Imágenes habituales, como la de policías y militares mexicanos confabulados con alguno de los carteles, conforman un paisaje que también tiene música y mucha, y el poder de transformarlo todo culturalmente en ambos países. Desde entonces y con el correr de los muertos y de las toneladas de droga que fueron atravesando la frontera, la música norteña les hizo un lugar de privilegio a los narcocorridos, que se escuchan en fiestas y en juergas de viernes en la noche. En México, como en Colombia, fue surgiendo una estética del narco, que logró permear a la sociedad, lenta pero constantemente.
Por ejemplo, un televisor de 42 pulgadas pasó a referenciarse entre millones de colombianos como el "narcotelevisor". De la misma forma que las estridencias en el vestuario o en la bijouterie y la música de Darío Gómez, "el Rey del Despecho", con su hit "Nadie es eterno" -un himno para los narcotraficantes y escuchado hasta el hartazgo en todo tipo de fiestas, no importa la clase social- fue obteniendo la certificación "narco".

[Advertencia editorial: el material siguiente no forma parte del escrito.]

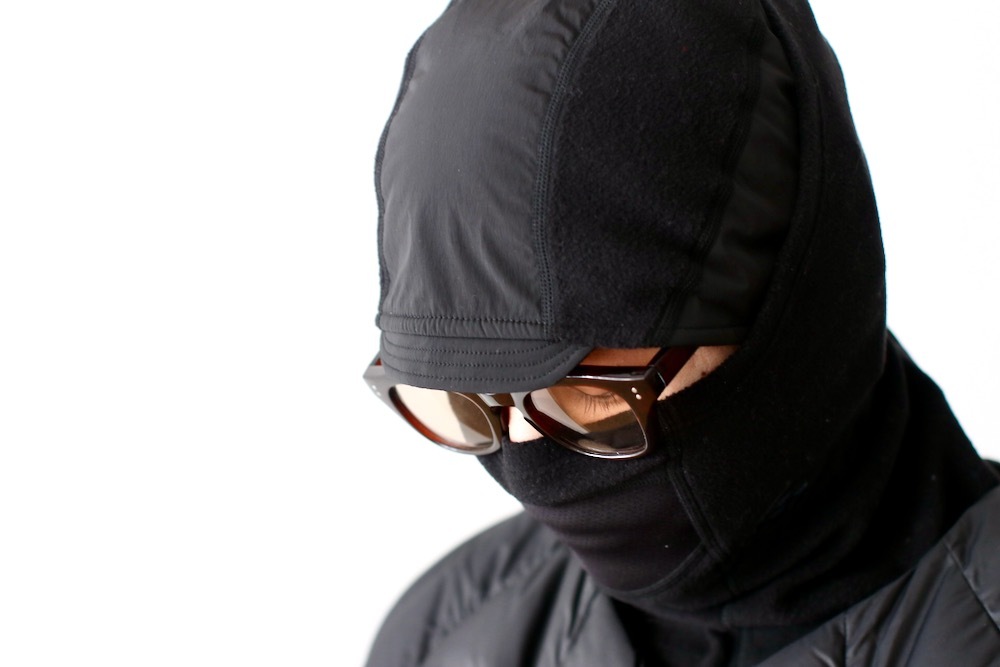 SAN SAN GEAR (  ) "FLEECE NYLON BALACLAVA"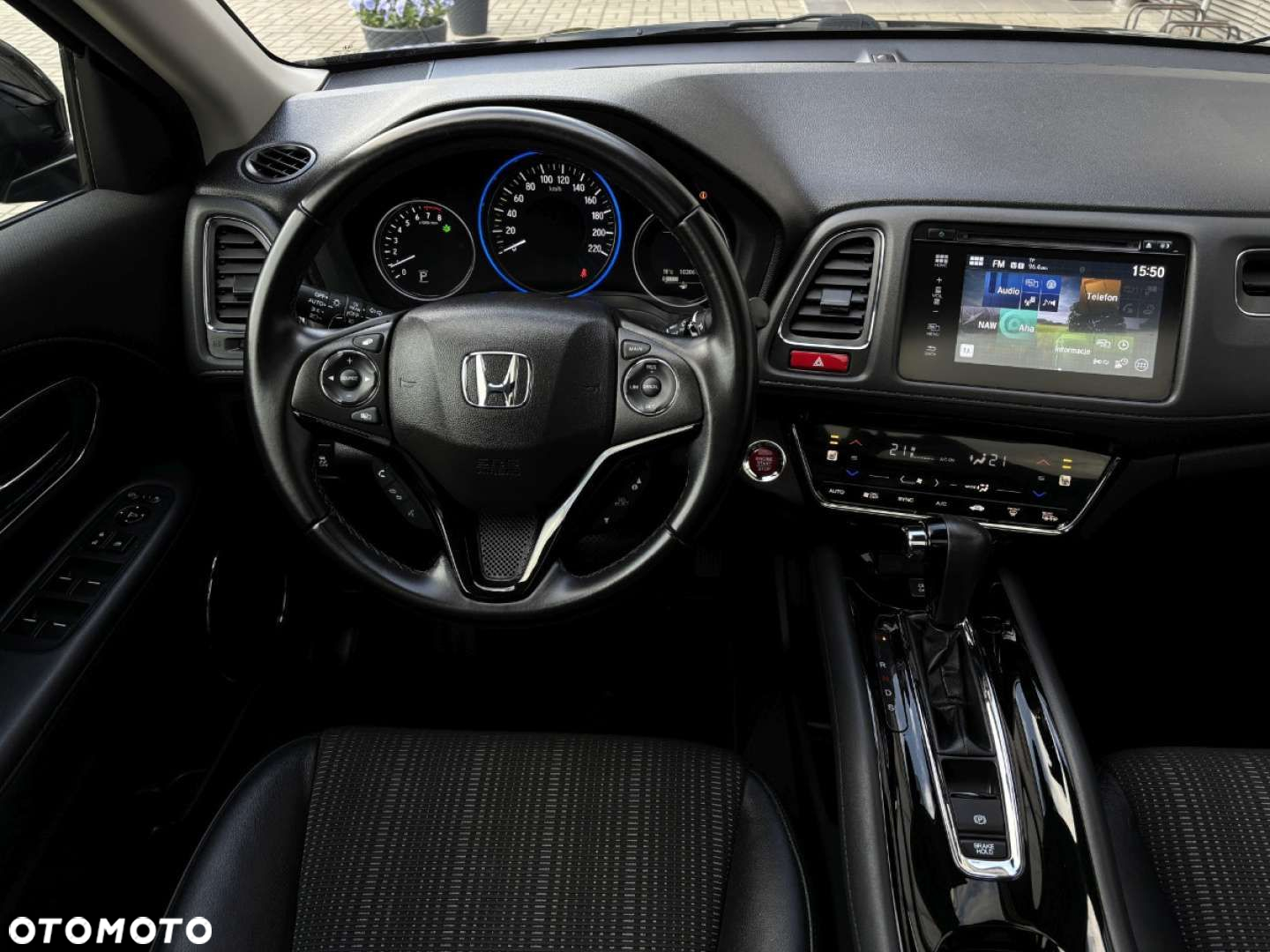 Honda HR-V - 20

Así hasta que ese universo narco se fue mimetizando con lo cotidiano. Entonces, "el Chapo" se convirtió en un héroe para millones de mexicanos a los que la mano del Estado jamás les dispensó una caricia, y a la tumba de Pablo Escobar, en el cementerio Monte Sacro de Medellín, comenzaron a llegar miles cada mes. Algunos con el tiempo necesario para "hacerle escuchar un tango de los que al «patrón» tanto le gustaban" o para detener el auto y tomar una foto de cuatro cuerpos llenos de plomo en la carretera entre México y Veracruz. A esas alturas, el límite entre lo legal y lo ilegal está borrado definitivamente. De lo contrario, no se entiende cómo en Sabaneta, un barrio periférico de Medellín, los turistas y sus cámaras de fotos desfilan a diario dentro y fuera de la iglesia Santa Ana, mientras algún sicario acude a rezar y a pedirle protección a la Virgen antes de matar a sangre fría. Escenas todas de una realidad que excede a la muerte o al encarcelamiento de alguno de sus líderes.
Después de todo, el narcotráfico es lo más parecido a un tumor. Un tumor que se despierta a partir de la corrupción y la desigualdad social en iguales proporciones, que se va desarrollando, por momentos, de forma amigable y, en otras, terroríficamente, hasta ir copando todos los órganos del cuerpo social, al que no le dejará más opciones que acostumbrarse a convivir en guerra con él o a morir en sus garras.